━━━ Collected data ━━━
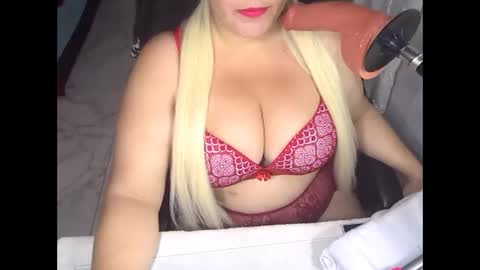 alissaalissa0818 online show from March 30, 2026, 2:01 am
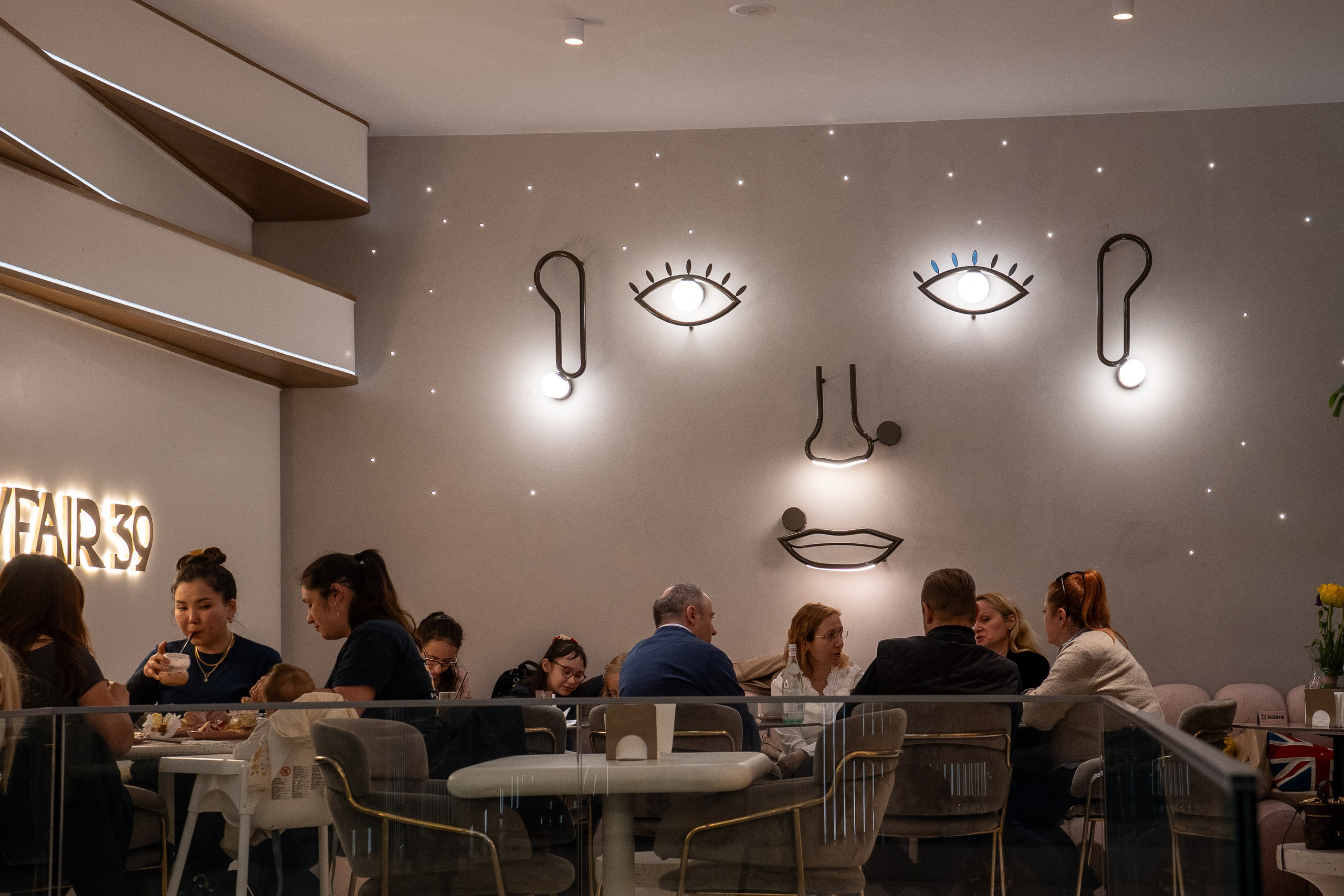 Mayfair 39. Creste si calatoreste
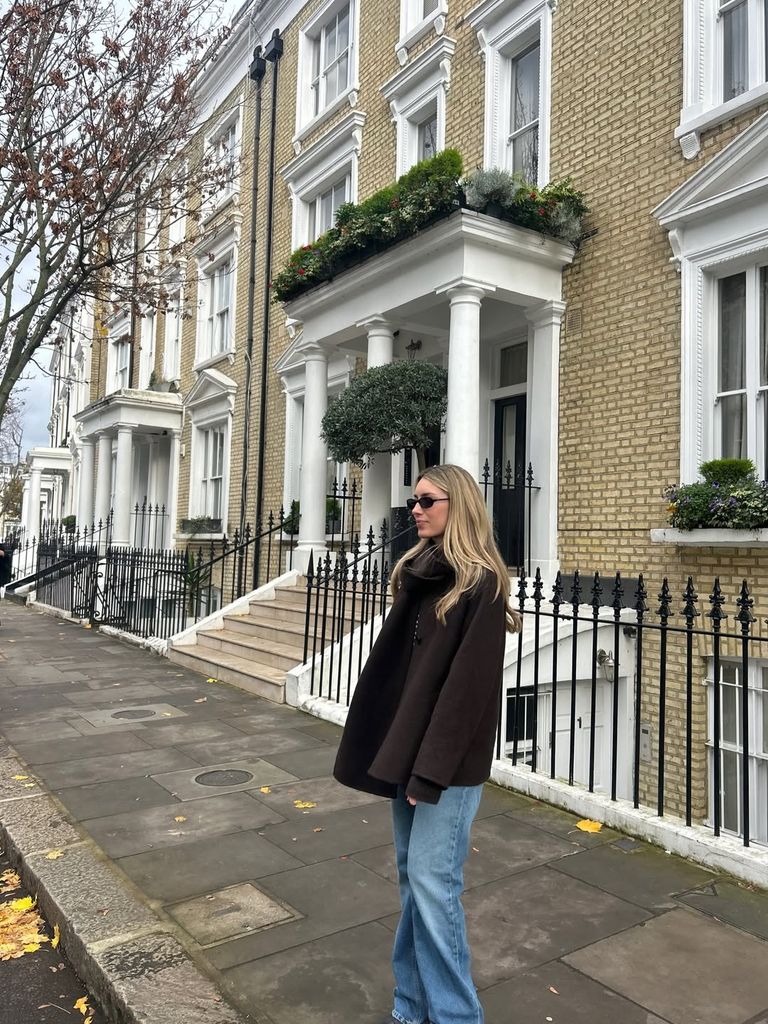 Un abrigo marrón y 3 looks para recorrer Londres de la mano de Daniela Figo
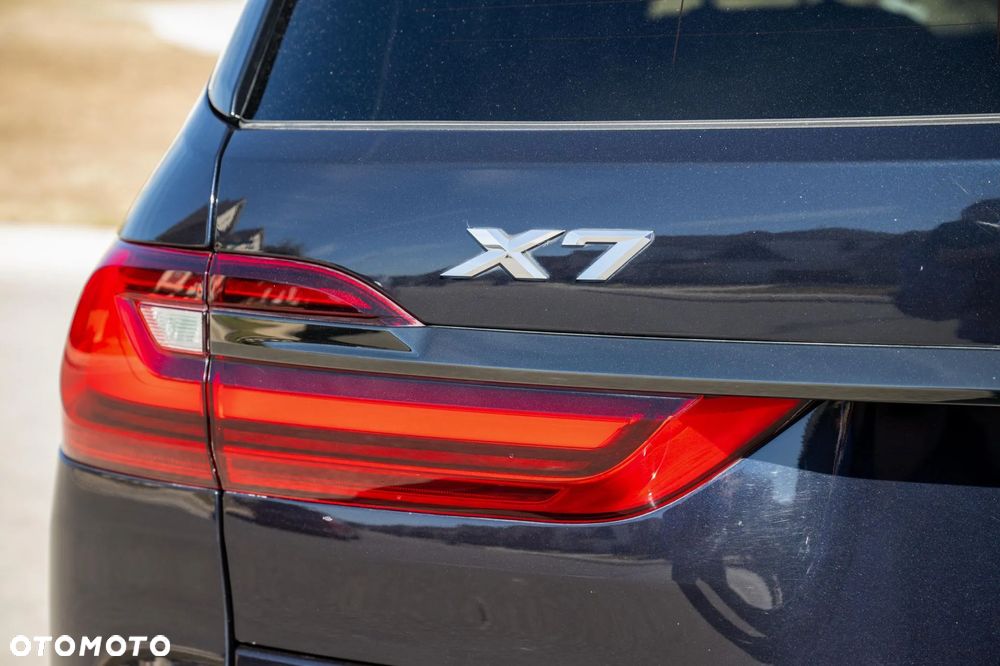 BMW X7 xDrive40i - 14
━━━
Only the pictures stay out; everything else in the listing above must be repeated exactly.

 alissaalissa0818 online show from March 30, 2026, 2:01 am
 Mayfair 39. Creste si calatoreste
 Un abrigo marrón y 3 looks para recorrer Londres de la mano de Daniela Figo
 BMW X7 xDrive40i - 14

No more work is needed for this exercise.